On the other hand, the second series of The Twelve can now be watched in full. Sam Neill is again an urbane silk but this time his ravishing partner and eventual rival is Frances O’Connor. The upshot is compelling television of the classiest kind. An aggressive and unlovable woman has been killed and her daughter and a man the woman employed – with whom the daughter was involved – are on trial for his murder.
O’Connor and Neill are sleeping together and purr with cynical affection though she has serious problems with her marriage and children. Then there are the twelve themselves, the jurors. One is dying and is given marijuana which reduces him to hilarity. Tasma Walton rages at her senile mother and the question of her genealogy.

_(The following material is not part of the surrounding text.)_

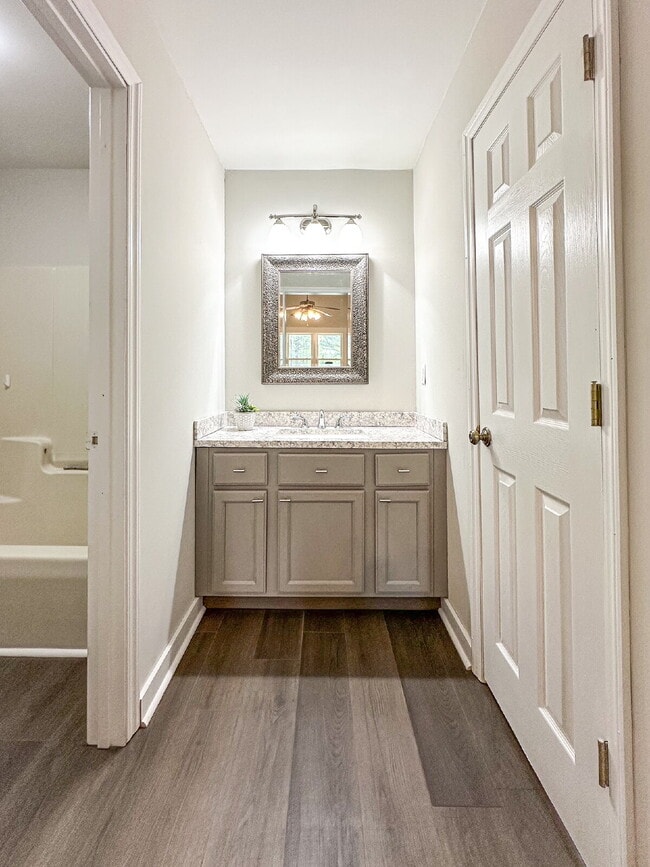 Building Photo - Peaceful One-Story Retreat in Franklinton, NC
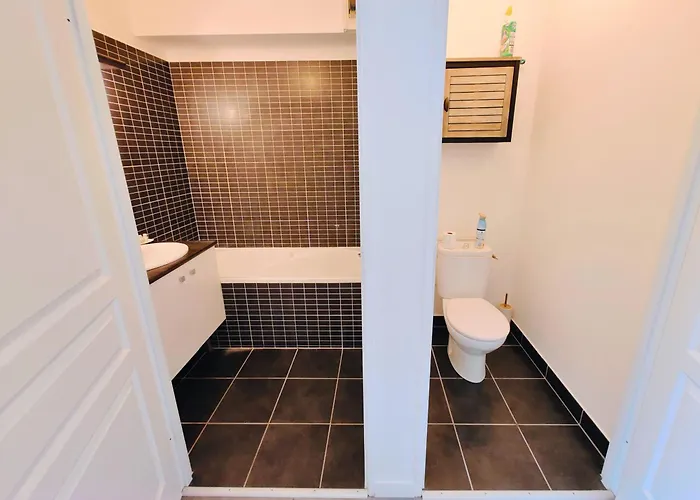 Saint Ruth - For 2 With Private Parking شقة ليل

Season 2 has an elegant, consistently surprising narrative and it’s a joy to watch Sam Neill and Frances O’Connor sparring and scheming together in the poshest and most polished Australasian accents the world could muster. How does Season 2 compare with the widely acclaimed first season which featured Kate Mulvany? Well, it’s less of a bag of absolutely graphic surprises but it has the great advantage of being as different as it conceivably could be while retaining the same leading man. It also includes a graphically powerful scene in which a likeable character causes the death of a friend.
It’s clear too that The Twelve comes out of the attempt to represent a civilisation which is precisely what Mary and George – in the face of the soaring culture and conflict it tinkers with – fails so singularly to conjure into life.